=== GIVEN MATERIAL ===
------
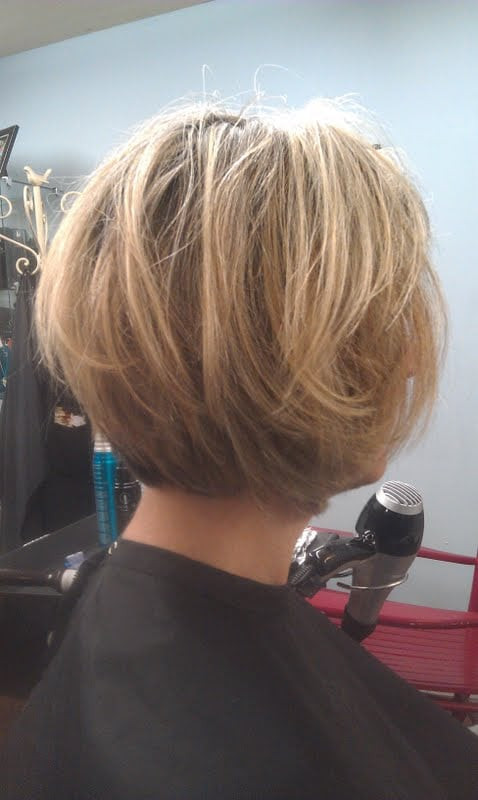 Tapered Bob Hair Cut
 Tapered Bob with layers 2012 Yelp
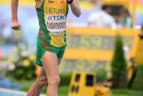 50 km sportinio ėjimo varžybos.
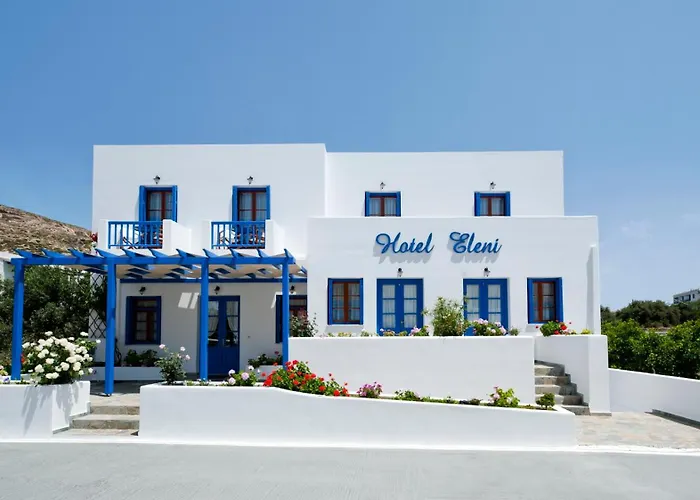 Milos Island Cheap Hotels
------
=== WHAT TO WORK ON ===
Output the line containing "Tapered Bob with layers 2012 Yelp" and each line after it, through the end of the material, exactly as given. No pictures belong in the output.

=== THE COMPLETED TASK ===
 Tapered Bob with layers 2012 Yelp
 50 km sportinio ėjimo varžybos.
 Milos Island Cheap Hotels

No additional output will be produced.